Hoffstetler, de son vrai nom Dimitri, est plus ambigu. S'il a beaucoup de ce qui renvoie au cliché de l'espion de l'est, il n'est pas un fervent admirateur de sa propre mission, et se rebelle même lorsque on lui intime l'ordre de supprimer la créature. Il est joué dans un mélange de drame et de comédie par Stuhlbarg, qui était parfait dans le film A serious man, des frères Coen. Giles, le laissé pour compte qui partage plus ou moins le quotidien d'Elisa (Et qui est le narrateur du film), est non seulement un ancien alcoolique qui tente de se raccrocher sans succès à son métier d'artiste peintre (et qui doit affronter la mise au rebut de son art, puisque les publicités qu'il peignait auparavant sont désormais effectuées par des photographes), mais aussi un homosexuel solitaire: sa seule tentative dans ce sens, lorsqu'il tente d'établir un contact avec le patron d'un établissement qu'il fréquente, sera un échec, immédiatement suivi d'une scène durant laquelle l'homme en question demande à des clients potentiels noirs de quitter les lieux... Enfin Zelda (Octavia Spencer), la meilleure amie d'Elisa sur son lieu de travail est une forte femme, mariée (à un bon à rien, dit-elle) et noire (elle doit subir les remarques acerbes de Strickland) mais elle est surtout la voix d'un bon sens largement accompagné de résignation: non, décidément, dans l'Amérique de 1961, il n'est pas aisé d'être différent... Quelle que soit la différence.
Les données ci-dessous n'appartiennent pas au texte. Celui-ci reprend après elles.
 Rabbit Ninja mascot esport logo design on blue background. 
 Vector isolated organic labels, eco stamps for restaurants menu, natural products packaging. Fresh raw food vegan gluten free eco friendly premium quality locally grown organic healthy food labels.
Del Toro adopte dès le début un style fait de nombreux plans-séquences surtout dans les scènes d'exposition qui nous donnent l'impression d'assister à la cohabitation impossible de plusieurs mondes: la première "rencontre" entre Elisa et l'amphibien, par exemple, est un long plan durant lequel nous voyons bien de quelle façon le microcosme du laboratoire fonctionne, avec d'un côté les fonctionnaires, de l'autres les femmes de ménage qui leur semblent invisible, et au milieu, un coffre mystérieux qui attire l'oeil d'Elisa... Car l'essentiel du film, bien que raconté par Giles, est le développement de son point de vue à elle, et c'est une différence qui s'établit entre le film et l'un des ses modèles, The creature from the black lagoon (un film que je ne peux m'empêcher de considérer comme très, très moyen...).
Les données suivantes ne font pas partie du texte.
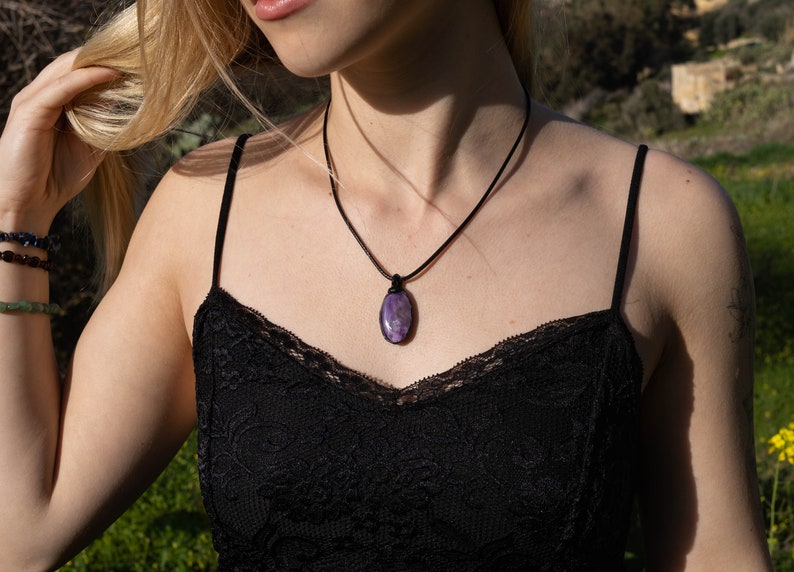 Amethyst Pendant, Healing Stone Jewelry, Calming Necklace image 5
Si on peut sans aucun problème, et je pense que c'est totalement assumé, considérer le cas de chaque personnage secondaire, de Strickland à Zelda comme une exploitation d'une série de clichés savamment intégrés, Elisa échappe à cette classification. On le doit bien sûr à Del Toro, mais surtout à Sally Hawkins, la fantastique actrice Britannique qui joue le rôle: différente, Hawkins n'a pas la beauté de princesse qu'un casting Disney aurait immanquablement recherché. Ca ne l'empêche ni d'être belle, bien sûr, ni de vampiriser l'écran. Le tout début du film nous attache à elle en nous détaillant sa vie quotidienne dans toute sa banalité: son réveil peu glamour sur un canapé trop petit, ses ablutions, son petit déjeuner, sa solitude, sa promiscuité avec Giles... Et son envie d'autre chose, un romantisme exprimé de multiples façons, notamment par son goût pour la comédie musicale (elle fait des claquettes dans un couloir vide) et par le rêve qu'elle fait en guise de prélude au film: elle dort, en suspension dans l'eau, au dessus de son canapé... Ce rôle muet et chorégraphié va loin, et "l'amitié"/amour qu'elle va éprouver pour la créature va n'être platonique qu'un temps... Car la jeune femme nous a inclus dans son quotidien, et nous savons que son romantisme n'est pas dénué de l'envie d'une vie sexuelle: ce qui va provoquer deux scènes de rapprochement audacieuses, et d'une grande beauté formelle. Littéralement, d'ailleurs, elle va accomplir son rêve. Et surtout, elle va trouver en l'étrange amphibien (dont Del Toro nous montre qu'il a effectivement des pouvoirs, mais ceux-ci ont le bon goût de ne pas prendre toute la place) une personne qui l'écoute (paradoxalement) et dont elle va prendre en charge l'éducation...
En 2018, on ne fait pas un film comme The shape of water de façon anodine. Passionné de cinéma fantastique (Il connaît bien l'oeuvre de Tod Browning et par ailleurs cite volontiers Vampyr de Dreyer comme l'un de ses films préférés), Del Toro a déjà réalisé deux films-contes qui étaient des réflexions sur le fascisme, L'échine du diable et Le labyrinthe de Pan. Qu'on ne s'y trompe pas: l'Amérique de 1961, recréée dans ses moindres détails, est un reflet peu aimable de notre monde, que nous soyions Américains ou non: plaidoyer pour la solidarité, l'ouverture à la culture et la différence, le message est clairement assumé, même caché derrière les oripeaux du film d'horreur ou du conte. La beauté formelle impressionnante du film, le suspense particulièrement travaillé, l'humour, et la poésie, tout concourt à faire de ce film une éclatante et singulière réussite, un film qui nous garantit qu'il n'y aura pas de Shape of water 2, malgré sa fin si élégamment ouverte. Un film classique dès sa première minute, qui mérite ses Oscars dès sa première seconde, et qui est une merveille, de bout en bout: voila.